Blockchain & GDPR: from practice to theory and back

Blog

Blockchain & GDPR: from practice to theory and back

We are (almost) certain that blockchain technology will bring world peace, solve climate change and make democracy great again. But sign of the times is that at one point in any discussion someone will bring up the dreaded GDPR. What about it in relation to blockchain technology?

1. INTRODUCTION

Let’s start from where we left off in our previous blog. We introduced to you “the blockchain” and “the GDPR” and explained how the two get mingled. We concluded that considering the public key, it is safe to say that if the user of a public key is a natural person, that key generally is considered personal data. Regarding transactional data however, the answer is less straightforward. It revolves around the question whether a hash should be considered personal data.

In this second blog we will guide you through the grey area and elaborate on where tech-savvies and lawyers collide.

2. MEET THE HASH

Depending on the type and purpose of the blockchain, transactional data is the information or value that is intended to be shared across the network. The public nature of a blockchain created the need to obfuscate data and verify the original data, which is done by hashing. Hashing can be used to give integrity to the data shared on a blockchain to create a single source of truth.

A hashing algorithm can be used to reduce any amount and type of data into data of a (small) fixed size. The outcome, the so-called hash value of the data, can be thought of as a unique digital fingerprint of the original data. Even a minor change, so much as removing a dot in the original text, would render this digital fingerprint completely different.

Another important aspect of a secure hash function is that it is (practically) impossible to re-create the original data from only the digital fingerprint. The mathematical function hashing – in contrast to encryption, which is reversable – only works one way. So - in the one hand you have a hash value. In the other the hash function. There is but one way to find out what original data input resulted in that exact hash value. Push any combination of data through the function again, until you get that same hash. In yet other words: if you know that the original data input consisted out of about 8 letters, yes, it is still a daunting task but you will get there. But imagine you do not know anything about the shape and form of the original (personal) data that once went through the function – was it a name, a banking account number, the names of your grandparents, and in what order? Trying to get back to that set of data would require quite a bit of processing power. And determination, endurance, commitment and the like.

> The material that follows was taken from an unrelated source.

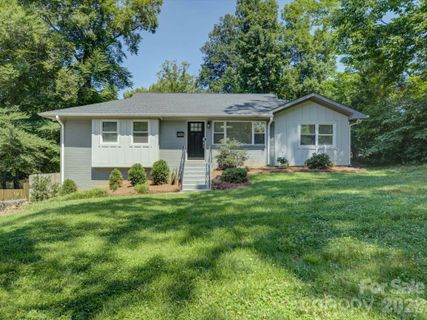 3423 Sudbury Road pending home in Windsor Park, Charlotte, NC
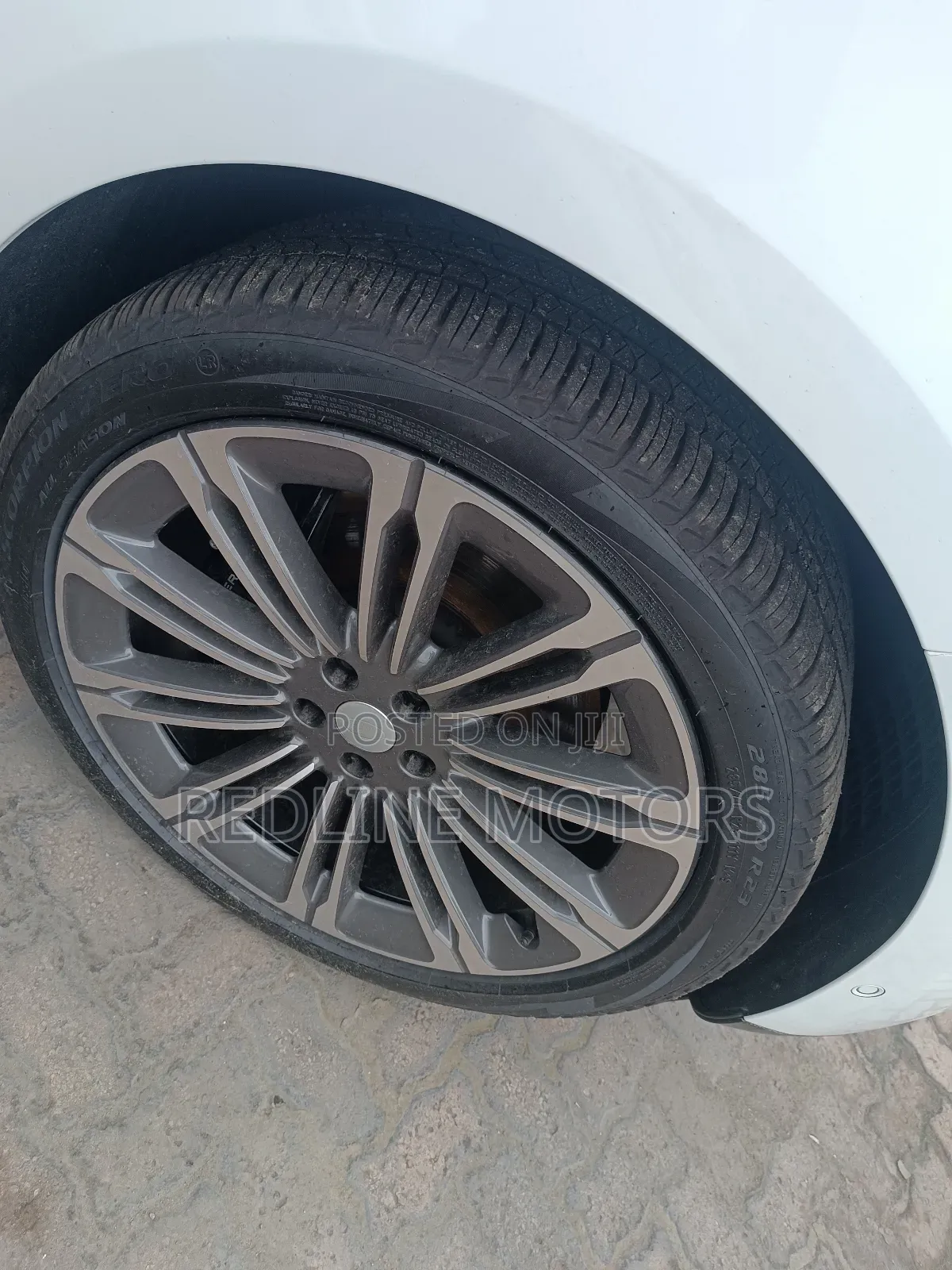 Land Rover Range Rover 2024 White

3. GREY AREA OF ANONYMIZATION FROM A LEGAL POINT OF VIEW…

So, we could argue, that depending on the input, it would be so hard to retrieve the original data input that maybe… we could render the hash value as anonymized data. That would mean: breakthrough, because the GDPR does not apply to anonymized data. Sounds easy right?

However. Once upon a time the Article 29 Working Group (which was converted to the European Data Protection Board (“EDPB”) , as per May 25, 2018) published an Opinion on anonymization. The WP29 then took the stance that the threshold for data to be considered anonymized is very, very high. During the first plenary meeting the EDPB endorsed the GDPR related WP29 Guidelines. It did not endorse the WP29 opinion on anonymization. That does not mean however, that this opinion does not still carry authority and it is still referred to in recent studies such as the EU Blockchain Observatory and Forum’s report on blockchain and the GDPR. The WP29 opinion on anonymization techniques considers data to be anonymous when:

  1. It is still possible to single out an individual – meaning that the individual is still identified by a unique attribute;
  2. It is still possible to link records to an individual – meaning that the individual can still be identified using different datasets of another attribute in the data set to link the original attribute; and
  3. Information can still be inferred concerning an individual – meaning that it is still possible to identify the individual within the dataset or across different databases that use the same pseudonymized attribute, possibly by a brute-force attack. The more advanced algorithm, the more difficult a brute force attack could succeed in reversing the hash. The risk of reversibility also depends on the type of original data. If the original data is of a small, known, size (for example a name, or a SSN) it can be easy to derive the correct value for that particular hash. 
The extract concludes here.